TASK INPUT Start Marker

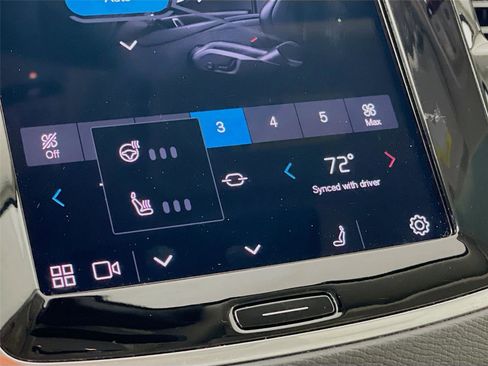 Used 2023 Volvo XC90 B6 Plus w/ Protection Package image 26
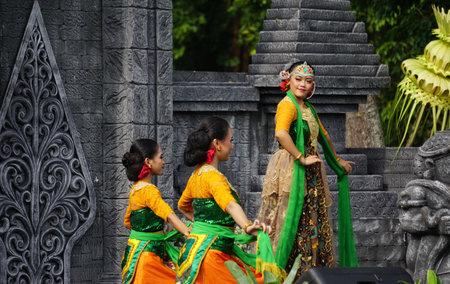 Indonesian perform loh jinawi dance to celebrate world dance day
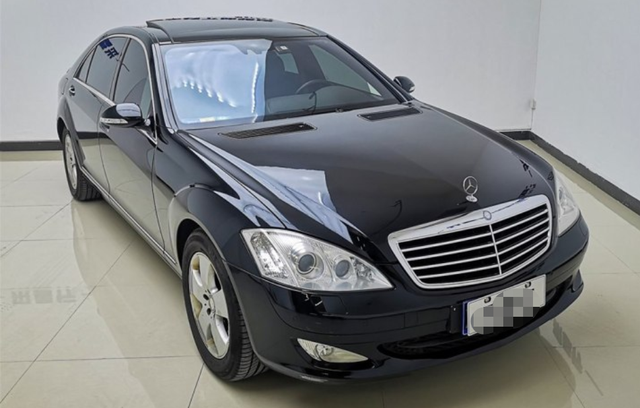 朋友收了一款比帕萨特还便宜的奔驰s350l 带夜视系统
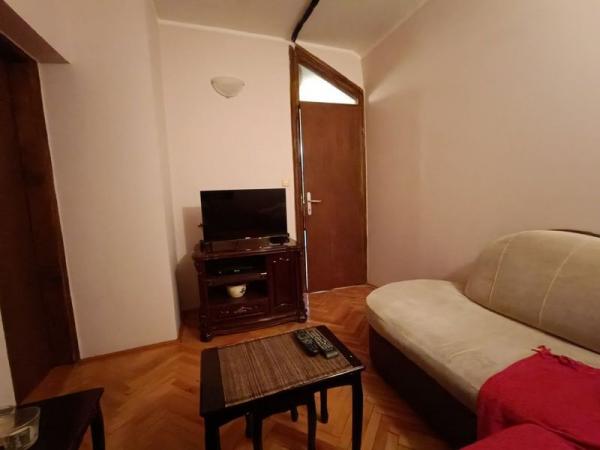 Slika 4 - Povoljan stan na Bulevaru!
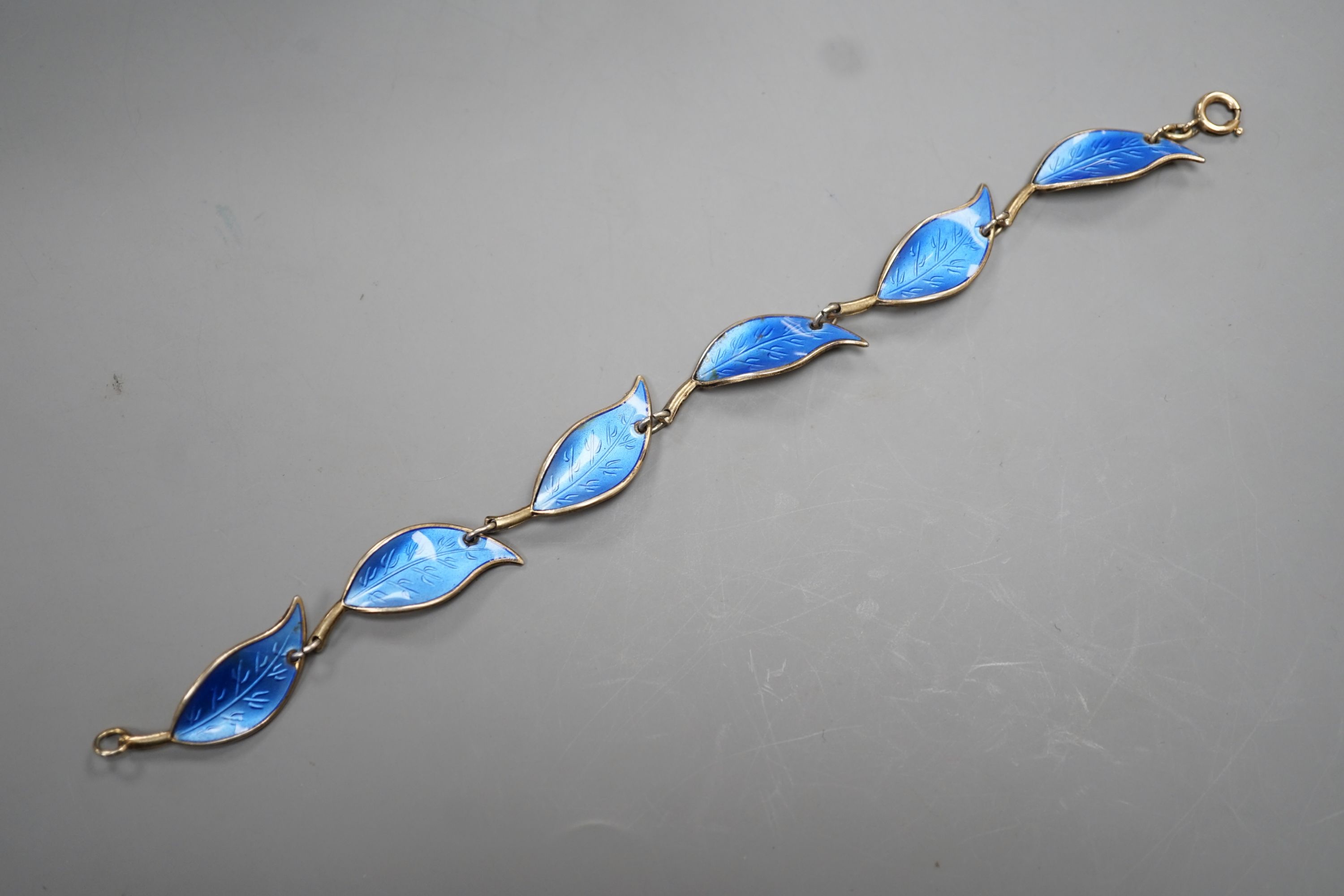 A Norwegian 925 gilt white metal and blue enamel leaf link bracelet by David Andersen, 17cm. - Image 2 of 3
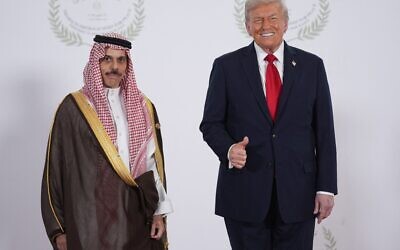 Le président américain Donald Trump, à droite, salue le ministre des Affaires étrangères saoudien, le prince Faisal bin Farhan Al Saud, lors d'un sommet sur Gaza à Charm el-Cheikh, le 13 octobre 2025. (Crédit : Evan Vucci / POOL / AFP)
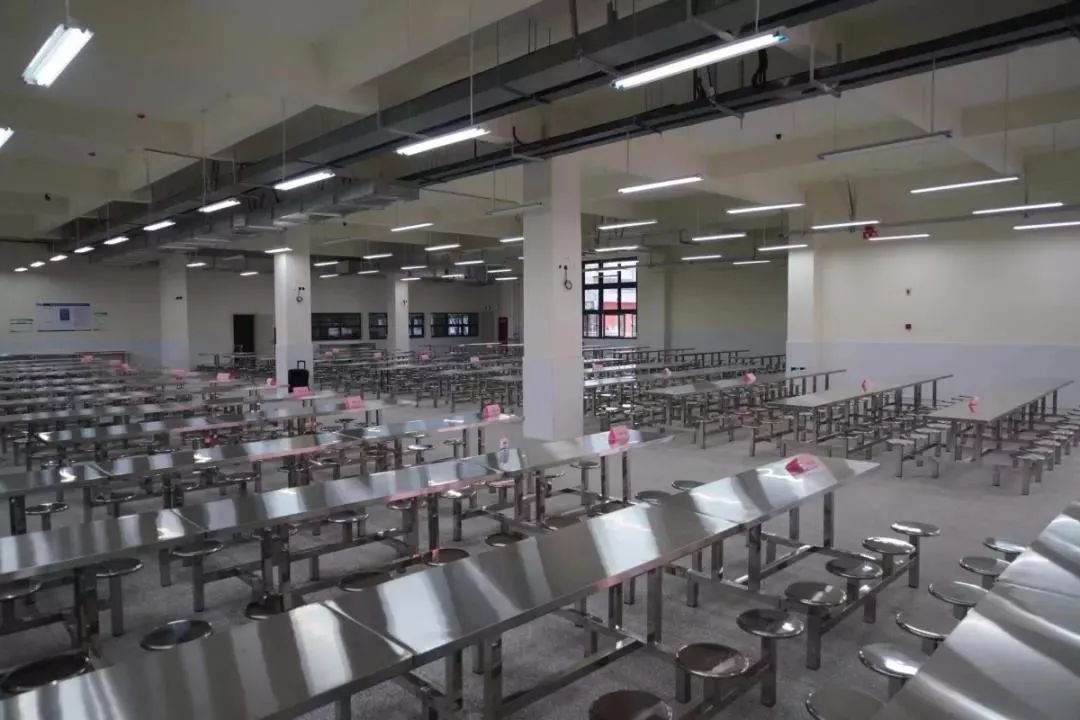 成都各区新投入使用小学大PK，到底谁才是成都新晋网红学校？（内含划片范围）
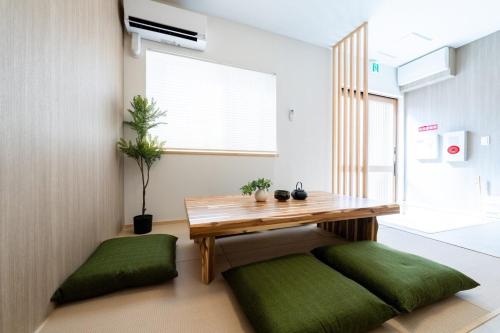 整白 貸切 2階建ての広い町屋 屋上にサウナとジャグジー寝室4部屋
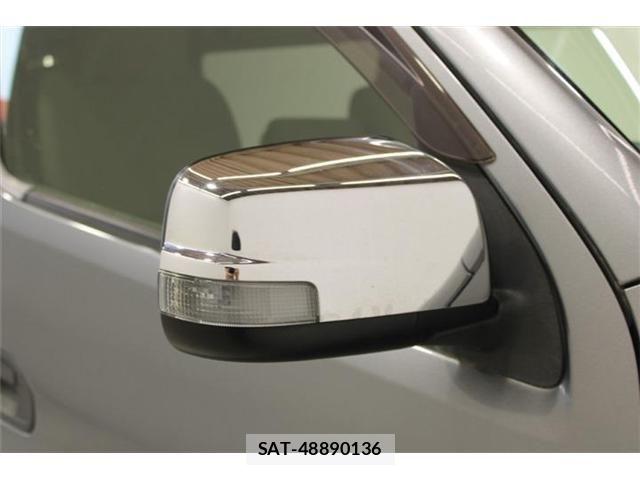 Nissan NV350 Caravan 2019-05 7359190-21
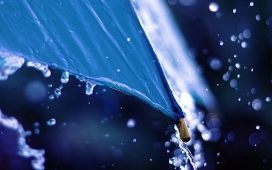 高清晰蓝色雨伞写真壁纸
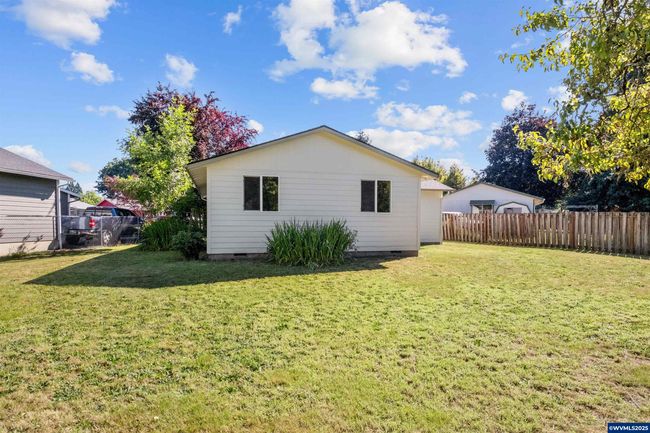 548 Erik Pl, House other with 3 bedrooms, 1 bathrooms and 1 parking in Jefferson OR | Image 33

TASK INPUT End Marker
TASK INPUT Start Marker

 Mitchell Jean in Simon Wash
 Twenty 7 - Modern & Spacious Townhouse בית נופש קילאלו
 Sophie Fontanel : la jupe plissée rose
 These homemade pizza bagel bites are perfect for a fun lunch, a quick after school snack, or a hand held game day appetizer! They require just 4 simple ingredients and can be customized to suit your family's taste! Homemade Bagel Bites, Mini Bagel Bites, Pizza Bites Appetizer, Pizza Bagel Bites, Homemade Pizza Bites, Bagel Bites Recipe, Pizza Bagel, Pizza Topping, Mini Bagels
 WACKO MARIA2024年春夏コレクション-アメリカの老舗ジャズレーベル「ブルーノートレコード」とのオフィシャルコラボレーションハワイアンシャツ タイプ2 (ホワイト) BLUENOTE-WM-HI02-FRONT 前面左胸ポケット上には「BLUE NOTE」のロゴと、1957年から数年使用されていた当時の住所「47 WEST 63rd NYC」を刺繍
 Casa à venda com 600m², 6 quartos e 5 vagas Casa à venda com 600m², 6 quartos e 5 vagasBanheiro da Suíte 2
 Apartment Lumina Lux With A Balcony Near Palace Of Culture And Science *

TASK INPUT End Marker
TASK INPUT Start Marker

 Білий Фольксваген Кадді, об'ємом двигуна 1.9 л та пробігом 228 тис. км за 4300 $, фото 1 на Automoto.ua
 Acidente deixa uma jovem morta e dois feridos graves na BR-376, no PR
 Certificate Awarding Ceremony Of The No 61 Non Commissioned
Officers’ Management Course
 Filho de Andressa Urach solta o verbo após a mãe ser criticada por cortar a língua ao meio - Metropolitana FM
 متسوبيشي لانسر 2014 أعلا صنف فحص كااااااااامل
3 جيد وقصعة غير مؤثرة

TASK INPUT End Marker

Among the entries above, find the line with "Indonesian perform loh" and repeat exactly from there through the line with "A Norwegian 925", leaving out the pictures.

◆ RESPONSE TO THIS EXERCISE:
 Indonesian perform loh jinawi dance to celebrate world dance day
 朋友收了一款比帕萨特还便宜的奔驰s350l 带夜视系统
 Slika 4 - Povoljan stan na Bulevaru!
 A Norwegian 925 gilt white metal and blue enamel leaf link bracelet by David Andersen, 17cm. - Image 2 of 3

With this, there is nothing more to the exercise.